NASCAR truck series returns to Darlington Raceway -, Myrtle Beach/Florence SC, Weather

NASCAR truck series returns to Darlington Raceway

Darlington, SC -

By Alisha Laventure - bio | email

FLORENCE, SC (WMBF) - The NASCAR Camping World Truck Series is back at the Darlington Raceway for the first time in six years.

The trucks returned to the Darlington Raceway for the Too Tough To Tame 200 since 2004. County officials say it has had a positive impact on the local economy.

Charles Hardin, Former Chairman of The Darlington Economic Development Board said visitors book the two motels in Darlington City to full capacity. He said grocery stores and convenience stores also profit from the influx of out-of-towers

"It actually bleeds heavily into Florence because Florence has the predominant numbers of motels. So it has a big impact on the Pee Dee," Hardin said.

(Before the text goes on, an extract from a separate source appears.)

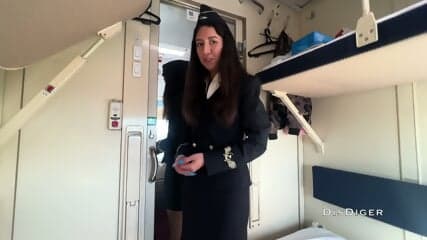 Russian Train Conductor Get Fucked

Event coordinators estimate between 15,000 – 20,000 people came to Saturday night's race. Most came from the Pee Dee and Myrtle Beach. Several also traveled from North Carolina and beyond.

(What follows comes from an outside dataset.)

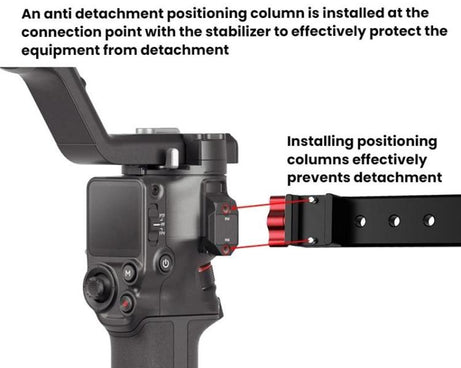 Gimbal Wooden Handle Chute Snail Gimbal Side Handle Grip,For DJI RS 4 Mini / 4 PRO / 3 / 3 Mini / 3 PRO / 2, Single Handle, With Chute, With Chute And Snail Gimbal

Frank Rendulic moved to Myrtle Beach from Pennsylvania and said the races are worth the trip.

"When you're a race fan, you drive as long as you have to," Rendulic said. "Before, I was driving 12 hours to get here, so now it's an hour and a half, so I'm enjoying it."

The track employed approximately 400 people to run Saturday's event. Vendors arrived at the track around 10 am to cash in on the crowds.

"You've got to take advantage of the opportunity when you get it," said Chris Teague of O'Reilly Auto

"This little experience they have here, could bring them in the store and make them a customer for life."

In the past, Darlington was the site of two annual Sprint Cup Series races - the Rebel 400 and the Southern 500. NASCAR eliminated the Southern 500 in 2005, upsetting many local fans.

Darlington Raceway officials hope this new race will restore some of the excitement from the past series.

"I think it gives everybody a sense of, 'Hey, this is our Darlington. We're gonna come out and support the track,' said Jake Harris, Director of Public Relations. He says the race is also an opportunity for cities near the raceway to establish a sense of camaraderie.

In addition to profits, 17-year-old Serena Mentel of Conway says the race is a simply an entertaining event.

"It brings family together and friends and you just realize how much fun you can have together," Mentel said.